400 Years Before

287 Words
Lilly and the team spent months coaxing meaning from the strange script. The oldest scroll, written in a tongue that seemed to predate language itself, traced the desperate exodus of a people fleeing a catastrophe that tore across half the universe. What we call the Big Bang, they actually lived through and called it the Primogeniture Wars: a rupture that toppled the Creator, plunged whole worlds into darkness, and forced survivors into a thousand years of hiding and hunger. As the translations deepened, the dry ledger of events gave way to something far more intimate. The scroll did not only record flight and engineering; it kept the small, human things: the bargains struck in panic, the betrayals that saved one life at the cost of another, the quiet courage of those who stayed behind to bury a secret. It told of a planet that did not simply shelter refugees but guarded a truth beneath its skin, an artifact, a mechanism, a story so dangerous that memory itself had been ordered to forget.
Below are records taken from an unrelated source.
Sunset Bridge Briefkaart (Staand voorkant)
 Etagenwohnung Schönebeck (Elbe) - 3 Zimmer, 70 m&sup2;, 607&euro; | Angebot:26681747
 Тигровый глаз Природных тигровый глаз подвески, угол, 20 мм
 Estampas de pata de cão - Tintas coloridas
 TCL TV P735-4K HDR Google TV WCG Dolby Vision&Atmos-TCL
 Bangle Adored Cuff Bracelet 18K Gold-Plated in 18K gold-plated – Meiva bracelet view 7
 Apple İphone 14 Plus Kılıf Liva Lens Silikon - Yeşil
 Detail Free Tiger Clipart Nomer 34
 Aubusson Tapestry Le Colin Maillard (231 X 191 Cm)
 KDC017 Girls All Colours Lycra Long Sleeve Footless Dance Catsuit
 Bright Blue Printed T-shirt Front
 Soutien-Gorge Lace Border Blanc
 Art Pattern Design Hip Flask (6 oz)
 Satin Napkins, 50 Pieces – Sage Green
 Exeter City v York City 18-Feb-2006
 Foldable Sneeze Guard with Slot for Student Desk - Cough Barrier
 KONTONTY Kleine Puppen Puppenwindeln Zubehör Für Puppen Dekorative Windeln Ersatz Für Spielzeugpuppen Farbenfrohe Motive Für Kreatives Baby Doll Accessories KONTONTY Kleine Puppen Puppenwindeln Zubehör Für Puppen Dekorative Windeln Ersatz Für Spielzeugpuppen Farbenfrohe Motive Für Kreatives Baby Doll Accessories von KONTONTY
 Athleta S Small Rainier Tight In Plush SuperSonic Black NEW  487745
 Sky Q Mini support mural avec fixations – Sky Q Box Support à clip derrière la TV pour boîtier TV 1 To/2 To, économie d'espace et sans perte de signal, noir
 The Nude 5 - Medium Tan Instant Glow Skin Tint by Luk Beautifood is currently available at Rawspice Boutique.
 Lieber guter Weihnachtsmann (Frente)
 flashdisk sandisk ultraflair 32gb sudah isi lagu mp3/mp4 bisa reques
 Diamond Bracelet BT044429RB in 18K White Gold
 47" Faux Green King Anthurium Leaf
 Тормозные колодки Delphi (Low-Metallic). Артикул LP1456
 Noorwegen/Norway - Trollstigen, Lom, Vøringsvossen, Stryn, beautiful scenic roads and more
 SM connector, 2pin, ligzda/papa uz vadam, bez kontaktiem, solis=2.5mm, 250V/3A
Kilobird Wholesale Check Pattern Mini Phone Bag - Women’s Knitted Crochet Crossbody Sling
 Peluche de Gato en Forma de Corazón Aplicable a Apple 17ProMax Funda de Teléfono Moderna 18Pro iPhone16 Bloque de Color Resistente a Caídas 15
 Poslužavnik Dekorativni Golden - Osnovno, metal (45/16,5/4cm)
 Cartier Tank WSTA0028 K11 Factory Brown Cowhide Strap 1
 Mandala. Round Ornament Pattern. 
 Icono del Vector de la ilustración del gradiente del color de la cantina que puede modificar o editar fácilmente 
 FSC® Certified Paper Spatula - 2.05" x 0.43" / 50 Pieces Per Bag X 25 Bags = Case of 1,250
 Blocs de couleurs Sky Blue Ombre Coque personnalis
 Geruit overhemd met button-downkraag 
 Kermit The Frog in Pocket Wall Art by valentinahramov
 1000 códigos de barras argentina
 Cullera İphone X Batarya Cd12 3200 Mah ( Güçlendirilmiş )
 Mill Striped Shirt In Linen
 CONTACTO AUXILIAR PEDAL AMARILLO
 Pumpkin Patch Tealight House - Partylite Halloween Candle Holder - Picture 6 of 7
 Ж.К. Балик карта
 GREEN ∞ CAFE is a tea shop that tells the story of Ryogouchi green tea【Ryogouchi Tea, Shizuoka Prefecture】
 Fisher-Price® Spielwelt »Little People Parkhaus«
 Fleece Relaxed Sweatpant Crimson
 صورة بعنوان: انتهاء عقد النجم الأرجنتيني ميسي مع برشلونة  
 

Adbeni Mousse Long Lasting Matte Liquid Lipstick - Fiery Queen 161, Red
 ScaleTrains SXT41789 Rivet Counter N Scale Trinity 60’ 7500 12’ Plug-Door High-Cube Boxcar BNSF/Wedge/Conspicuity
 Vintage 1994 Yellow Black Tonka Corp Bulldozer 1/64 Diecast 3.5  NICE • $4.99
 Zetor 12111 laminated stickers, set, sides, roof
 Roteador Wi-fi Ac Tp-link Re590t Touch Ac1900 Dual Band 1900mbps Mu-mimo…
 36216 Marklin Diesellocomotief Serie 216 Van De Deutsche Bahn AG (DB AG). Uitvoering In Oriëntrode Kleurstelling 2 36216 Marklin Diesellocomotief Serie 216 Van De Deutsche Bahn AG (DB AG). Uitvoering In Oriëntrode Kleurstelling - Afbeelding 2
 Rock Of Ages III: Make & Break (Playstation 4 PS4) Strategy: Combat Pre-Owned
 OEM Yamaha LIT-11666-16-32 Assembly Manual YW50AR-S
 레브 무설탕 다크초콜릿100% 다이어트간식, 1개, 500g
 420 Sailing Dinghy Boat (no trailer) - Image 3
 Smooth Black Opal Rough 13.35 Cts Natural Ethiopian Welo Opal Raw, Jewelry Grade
What emerged from the fragments was a double story: the outward scramble to outrun waves of raw, unformed energy, and a quieter, older design threaded through their escape, a doctrine, a device, a name given to something that could be worshiped. The more Lilly read, the less the past looked like myth and the more it looked like a plan: a manufactured origin, a deliberate beginning meant to be taught and then believed. The scroll ended not with answers but with a warning. Whoever had written it had expected readers at a later age, readers who might unspool the backward thread of time and, by doing so, set the world on a new course.